Have your say on proposed new duties for Ofcom
If you are not on the list of people to be consulted over the proposed new powers for Ofcom and many broadband providers are not then now is your chance. The full consultation document is on the Department for Business Innovation & Skills website, the process started on 13th August 2009 and ends 25th September 2009, with responses published on 16th October 2009.
The consultation is aimed at consulting on the idea that Ofcom be given new remits with respect to the communications industry:
- Promote efficient investment in communications infrastructure; and
- Provide a full assessment of UK communications infrastructure every two years and to alert Secretaries of State to any matters of high concern regarding developments affecting the communications infrastructure.
The consultation is taking place as the Government considers that the current Ofcom powers have tended to emphasis short term cost reduction rather than longer term investment in future infrastructure. In laymans terms this can be read as meaning that while Ofcom has managed to make UK broadband very cheap, in comparison to other countries investment in improving networks is lacking, i.e. networks are not expanding to cope with increased usage and newer technologies are delayed as they would raise prices in the short to medium term.

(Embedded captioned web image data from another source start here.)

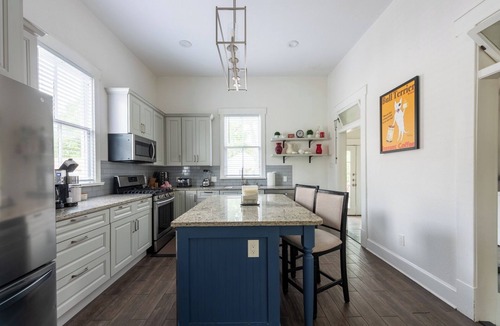 Government Hill House | TCH - Spacious 3bed/3.5 bath in San Antonio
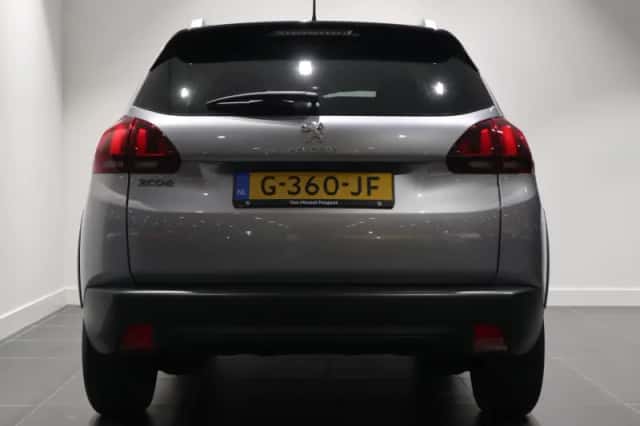 Peugeot 2008 (2019) thumbnail 5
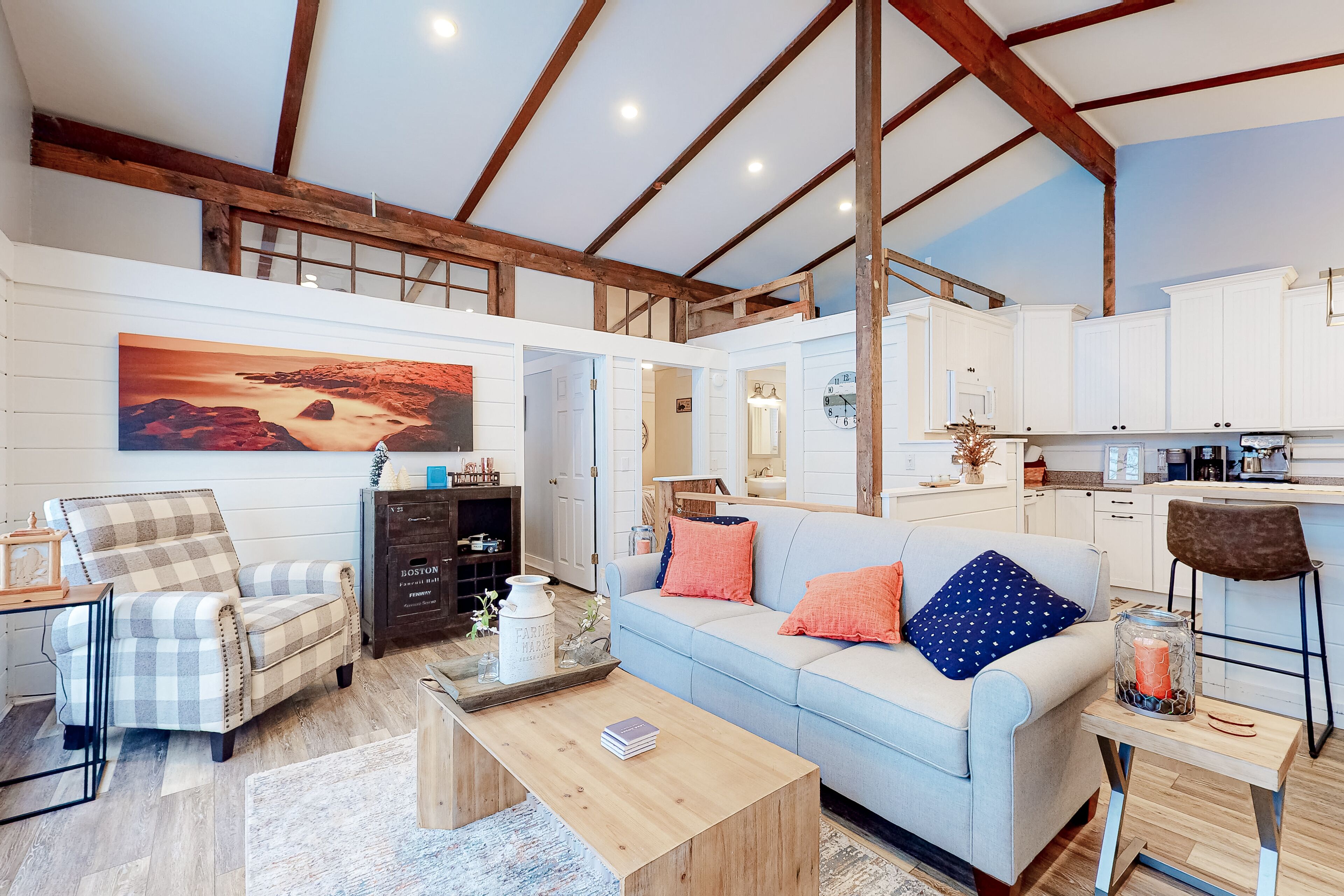 Stunning lakefront retreat with dock, fast WiFi, & firepit - dogs OK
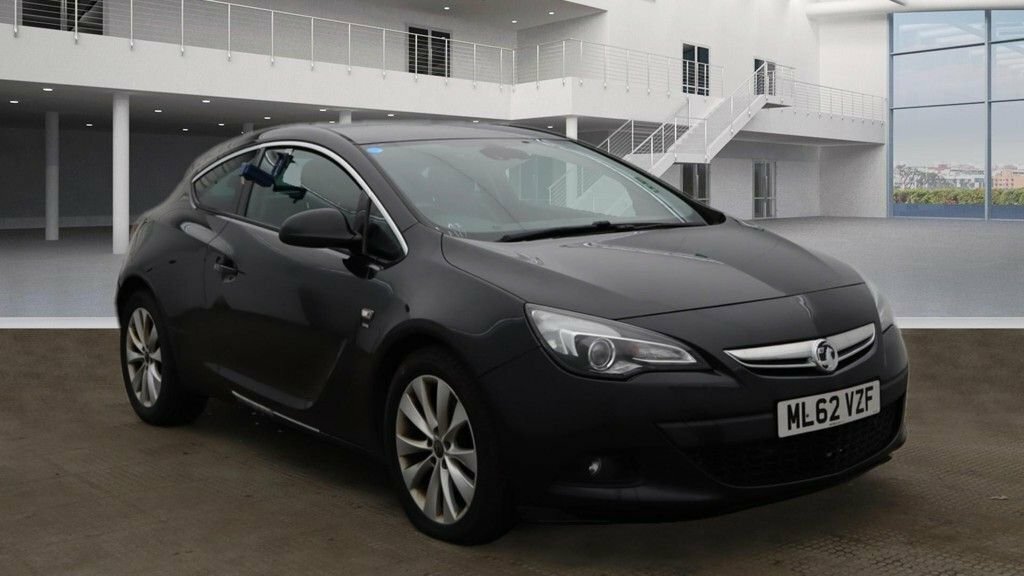 Vauxhall Astra GTC 2L Sri Cdti Black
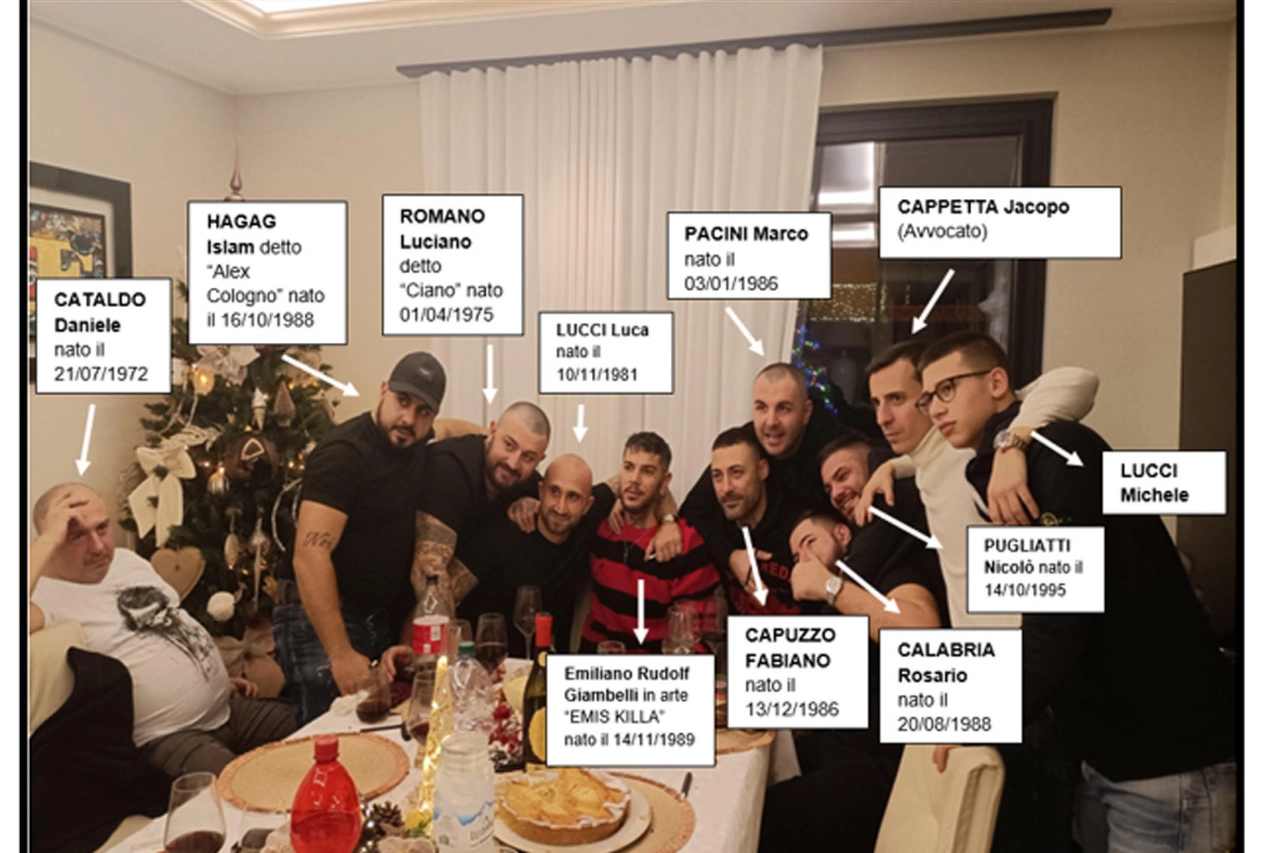 A tavola a casa di Luca Lucci a Scanzorosciate: l'immagine è stata acquisita dagli inquirenti ed è agli atti dell'indagine
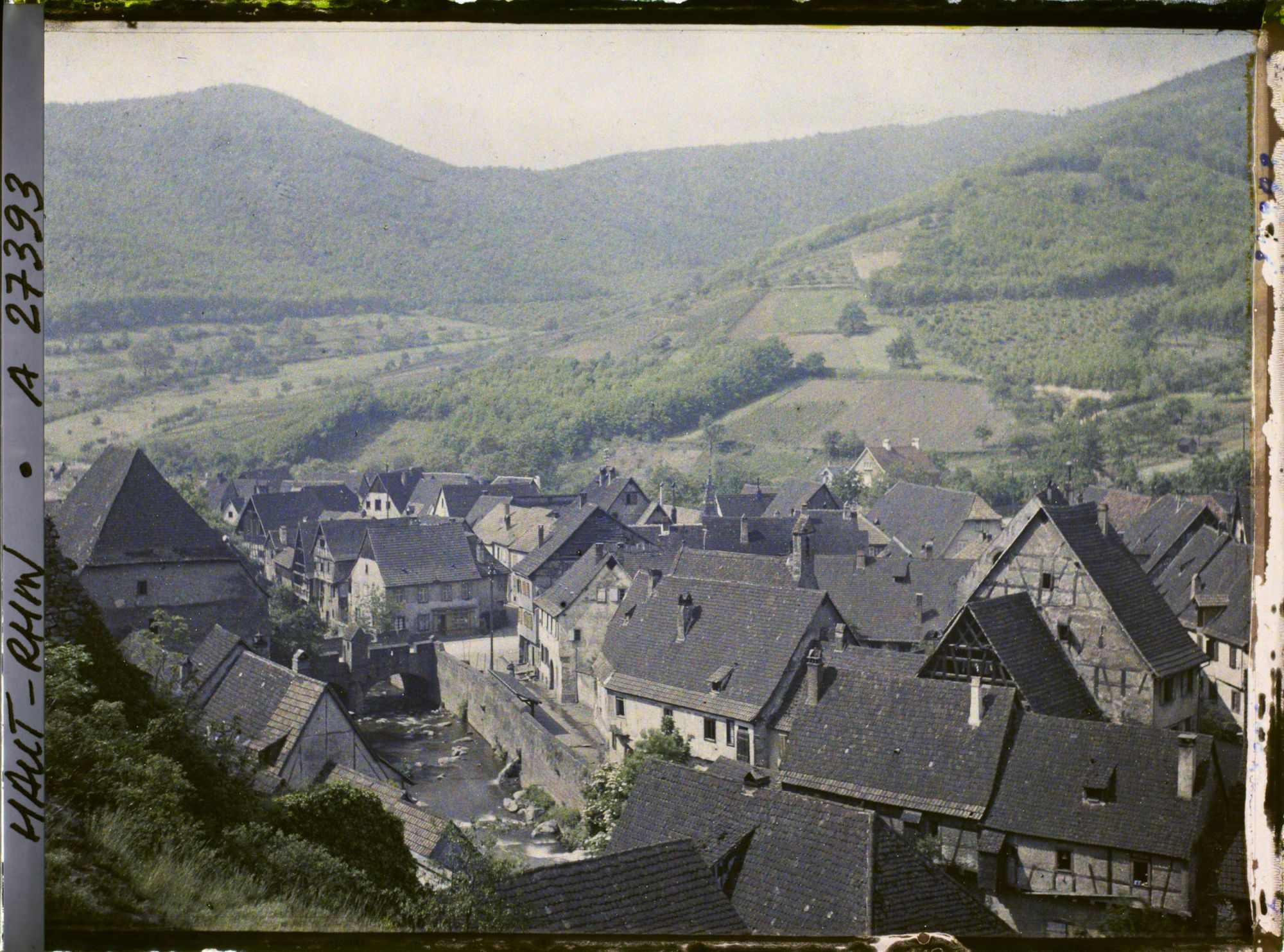 Image représentant France, Kaysersberg, La Veiss vers l'aval et la Ville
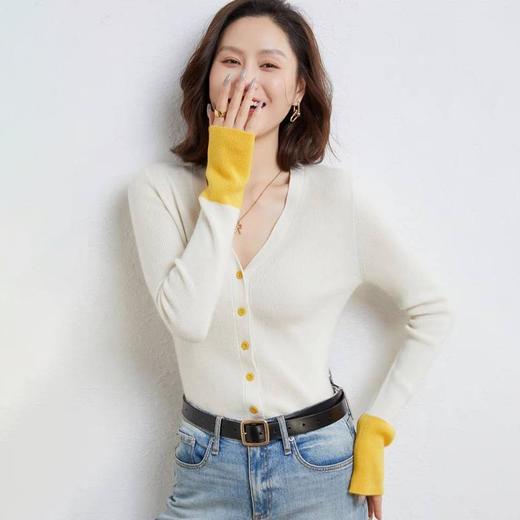 【秋冬时尚搭配】雾感喇叭袖拼色羊绒开衫 V领百搭条纹针织开衫 修身显瘦轻盈合体 柔软细腻温柔高雅 商品图2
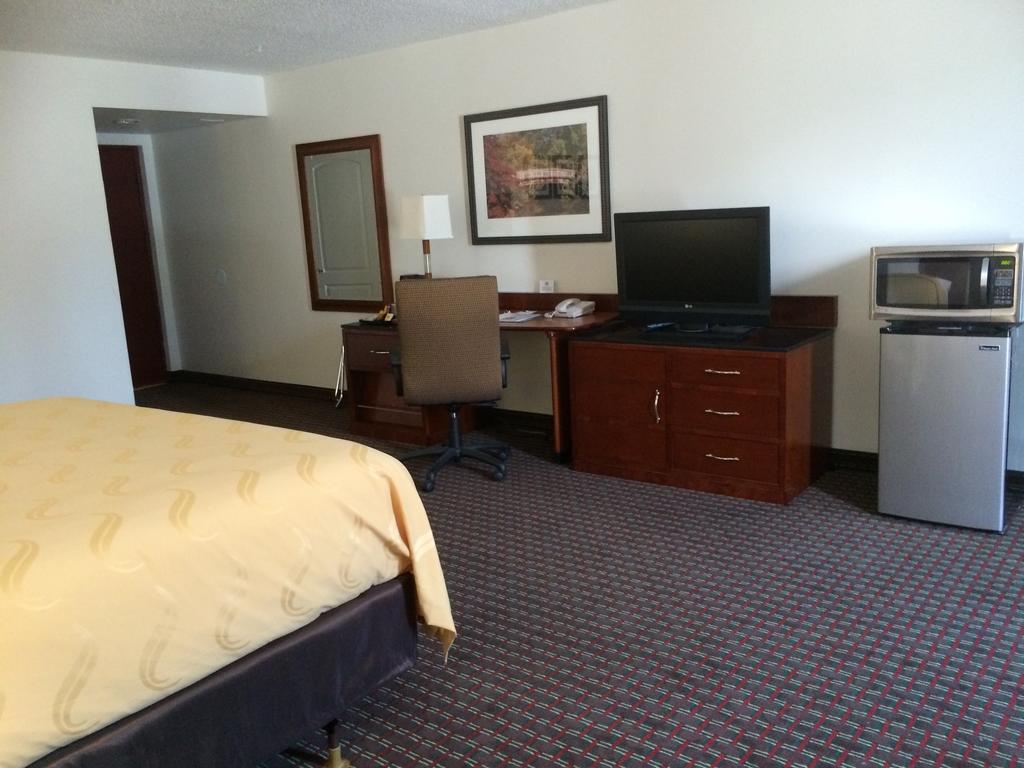Quality Inn Акуърт Екстериор снимка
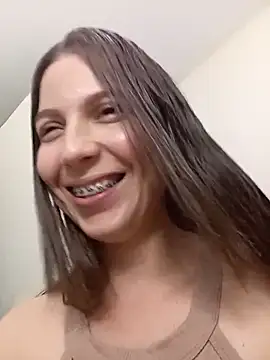 Arianna Moss online show from 10, 3, 2026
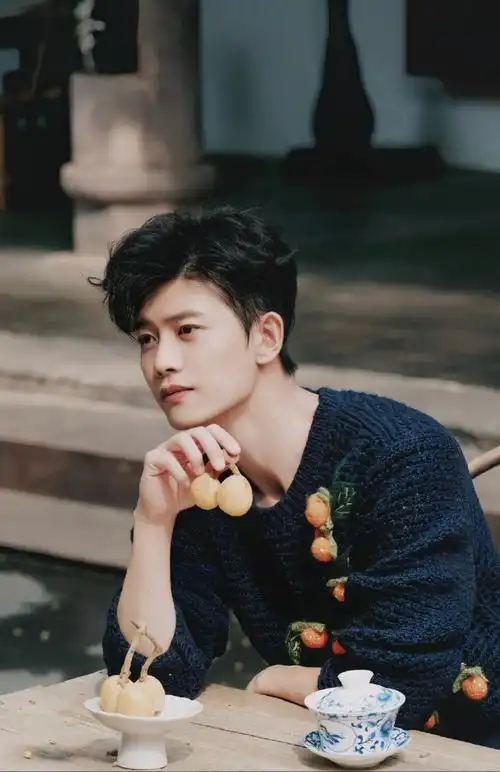 任嘉伦贺峻霖撞衫##任嘉伦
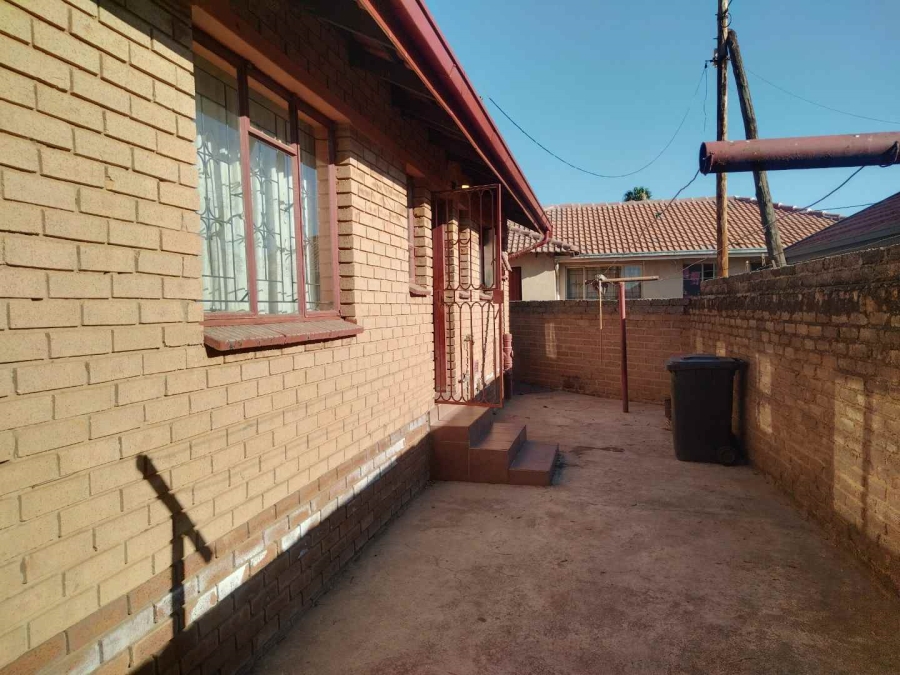 To Let 3 Bedroom Property for Rent in Soshanguve M Gauteng
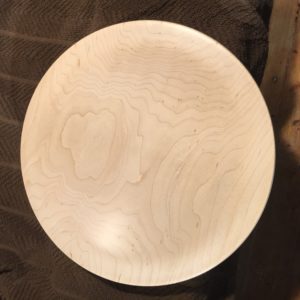 Top view of the maple plate. Love the way the grain runs in pretty good symmetry. If you could feel this, it has just the right weigh to it.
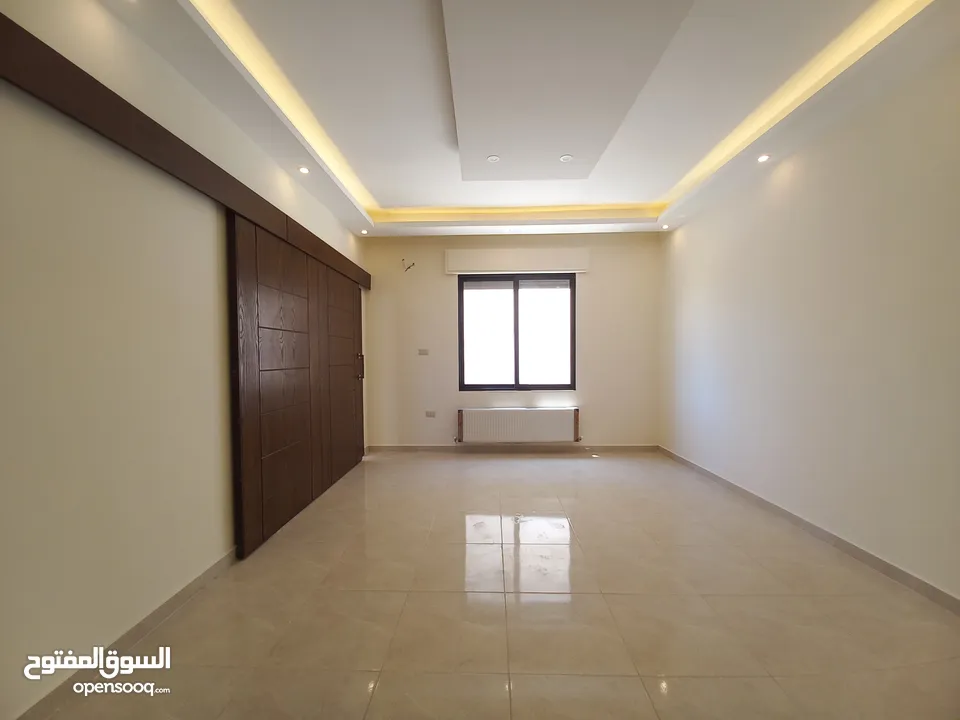 شقة غير مفروشة للايجار في عبدون  ( Property 33478 ) سنوي فقط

The UK is unusual in that while it has massive competition at the retail level across the country and at the wholesale level in the more densely populated parts, there is little competition at the infrastructure level, e.g. all DSL still travels across an Openreach local loop. Changes to the rules might make it more attractive for firms to take the sub-LLU route and unbundle street cabinets, or encourage retail providers to sign up to use the Fibrestream, H2O or Digital Region networks.
Encouraging investment in the current economic climate will be a tough challenge, but as some critics say if we continue to squeeze every possible bit out of a Victorian technology we will be left behind.